Littérature pour littérature, un écrivain lycanthrope faisait déjà remarquer que " le grand commerce détrousse le commerçant, le commerçant dépouille le boutiquier, les boutiquiers dépouillent l'artisan, l'artisan dépouille l'ouvrier et l'ouvrier meurt de faim ". Après plus d'un siècle, qu'est-ce qui a changé ? Et aujourd'hui, alors que de plus en plus de gens se retrouvent à la rue, inutiles même comme ouvriers à exploiter, qu'opposera-t-on à la faim de dignité et à la soif d'égalité ? Le respect pour la propriété privée ? Peut-être que les pauvres devront respecter la richesse des privilégiés de la même façon que les privilégiés respectent la misère des pauvres ? Jusqu'à quand ? Lorsque l'accomplissement des obligations sociales n'arrivera plus à compenser le manque de joies de la vie, combien de vendeurs agités ou de policiers patentés devront être déployés pour la protection des tiroirs caisse ? Ou bien pensez-vous qu'il soit possible de satisfaire éternellement le ventre et le cœur avec des mots vides de sens et les championnats de foot les plus beaux du monde ?

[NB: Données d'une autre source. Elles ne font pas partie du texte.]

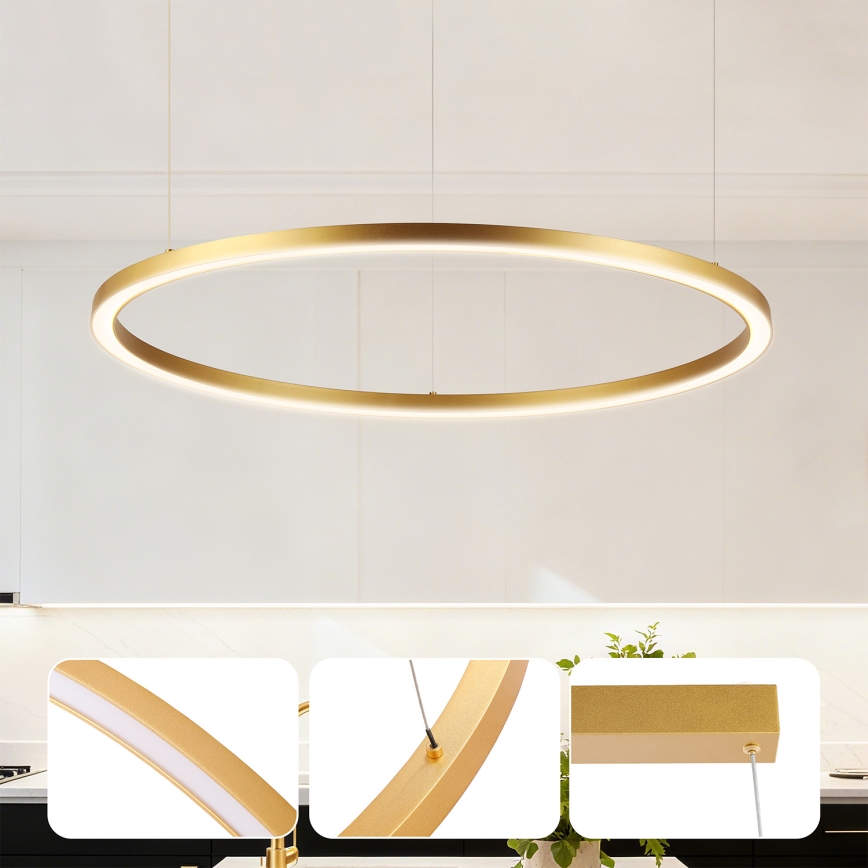 Brilagi - LED prigušivi luster na sajli PORTOFINO LED/60W/230V 3000-6000K Ø 80 cm zlatna + daljinski upravljač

Littérature pour littérature, on entend déjà la phrase d'un écrivain, voleur notoire : " Vol, rien à voir avec la gamelle du mendiant ".

Quelques voleurs anarchistes


[traduit de l’italien, tract publié à Bologne le 4 février 2003]

Les [ ] et les notes sont de “Tout le monde dehors” :
* Diabolik : célèbre voleur héros d’une BD populaire italienne.